**TASK OBJECTIVE:**
Transcribe, word for word, the line containing "HMR - Modern" and each line following it through the end of the listing below. Omit all other lines.
(Beginning of SUPPLIED DATA)
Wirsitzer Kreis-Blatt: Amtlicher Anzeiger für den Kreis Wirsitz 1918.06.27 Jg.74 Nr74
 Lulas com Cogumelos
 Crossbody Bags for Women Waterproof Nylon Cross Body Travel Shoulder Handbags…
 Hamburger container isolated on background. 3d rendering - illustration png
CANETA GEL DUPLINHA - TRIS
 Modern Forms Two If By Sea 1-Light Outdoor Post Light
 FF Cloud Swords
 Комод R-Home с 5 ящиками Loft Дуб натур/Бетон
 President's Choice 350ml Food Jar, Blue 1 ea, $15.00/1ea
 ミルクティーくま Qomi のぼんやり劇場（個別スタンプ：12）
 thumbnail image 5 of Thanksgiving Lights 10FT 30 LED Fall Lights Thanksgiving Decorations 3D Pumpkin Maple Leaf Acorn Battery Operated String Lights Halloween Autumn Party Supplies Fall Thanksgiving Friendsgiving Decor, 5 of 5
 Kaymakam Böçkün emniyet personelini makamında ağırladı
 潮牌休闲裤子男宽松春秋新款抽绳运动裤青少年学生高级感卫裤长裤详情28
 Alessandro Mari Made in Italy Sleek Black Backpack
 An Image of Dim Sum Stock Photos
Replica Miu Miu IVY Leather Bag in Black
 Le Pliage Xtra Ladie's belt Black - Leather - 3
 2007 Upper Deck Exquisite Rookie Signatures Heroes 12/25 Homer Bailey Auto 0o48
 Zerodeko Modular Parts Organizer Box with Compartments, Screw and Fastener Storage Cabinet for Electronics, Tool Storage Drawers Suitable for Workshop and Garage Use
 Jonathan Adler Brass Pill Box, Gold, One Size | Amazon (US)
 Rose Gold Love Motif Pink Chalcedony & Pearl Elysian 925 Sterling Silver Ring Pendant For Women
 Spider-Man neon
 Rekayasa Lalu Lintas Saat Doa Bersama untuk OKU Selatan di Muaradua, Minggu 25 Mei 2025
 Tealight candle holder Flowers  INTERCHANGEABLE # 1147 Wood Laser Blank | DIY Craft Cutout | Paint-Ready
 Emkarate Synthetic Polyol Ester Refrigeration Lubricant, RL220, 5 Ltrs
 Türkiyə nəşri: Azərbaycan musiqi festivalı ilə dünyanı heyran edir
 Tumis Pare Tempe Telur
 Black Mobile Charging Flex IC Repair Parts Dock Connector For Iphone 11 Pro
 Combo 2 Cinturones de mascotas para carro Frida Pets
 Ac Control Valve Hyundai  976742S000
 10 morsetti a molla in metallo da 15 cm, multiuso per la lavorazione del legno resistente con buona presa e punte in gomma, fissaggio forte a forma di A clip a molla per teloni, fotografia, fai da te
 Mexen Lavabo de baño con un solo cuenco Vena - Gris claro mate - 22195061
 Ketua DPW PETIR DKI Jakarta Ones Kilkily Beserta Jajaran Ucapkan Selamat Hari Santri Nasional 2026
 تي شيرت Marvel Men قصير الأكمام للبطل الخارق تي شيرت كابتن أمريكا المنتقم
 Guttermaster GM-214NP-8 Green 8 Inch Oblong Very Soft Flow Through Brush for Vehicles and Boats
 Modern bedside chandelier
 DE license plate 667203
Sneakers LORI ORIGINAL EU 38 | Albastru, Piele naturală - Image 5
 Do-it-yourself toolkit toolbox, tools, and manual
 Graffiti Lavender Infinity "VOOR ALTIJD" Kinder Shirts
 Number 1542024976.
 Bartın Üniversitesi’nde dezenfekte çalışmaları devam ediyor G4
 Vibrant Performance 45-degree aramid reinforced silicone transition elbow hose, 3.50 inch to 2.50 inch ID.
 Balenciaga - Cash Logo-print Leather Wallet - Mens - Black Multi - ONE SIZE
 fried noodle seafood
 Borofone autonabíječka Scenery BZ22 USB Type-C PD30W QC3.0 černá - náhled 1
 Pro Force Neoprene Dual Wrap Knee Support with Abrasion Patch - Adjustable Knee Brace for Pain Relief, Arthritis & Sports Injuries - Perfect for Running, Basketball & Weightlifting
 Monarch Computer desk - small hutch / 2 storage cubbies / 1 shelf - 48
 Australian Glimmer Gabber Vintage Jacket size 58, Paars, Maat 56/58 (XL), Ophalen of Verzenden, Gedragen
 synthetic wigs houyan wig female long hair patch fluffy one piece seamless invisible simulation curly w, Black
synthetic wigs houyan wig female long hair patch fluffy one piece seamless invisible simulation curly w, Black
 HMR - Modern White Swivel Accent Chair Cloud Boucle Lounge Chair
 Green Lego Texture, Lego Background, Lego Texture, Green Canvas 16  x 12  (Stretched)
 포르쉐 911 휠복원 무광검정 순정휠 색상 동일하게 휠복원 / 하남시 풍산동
(End of SUPPLIED DATA)
**RESPONSE:**
 HMR - Modern White Swivel Accent Chair Cloud Boucle Lounge Chair
 Green Lego Texture, Lego Background, Lego Texture, Green Canvas 16  x 12  (Stretched)
 포르쉐 911 휠복원 무광검정 순정휠 색상 동일하게 휠복원 / 하남시 풍산동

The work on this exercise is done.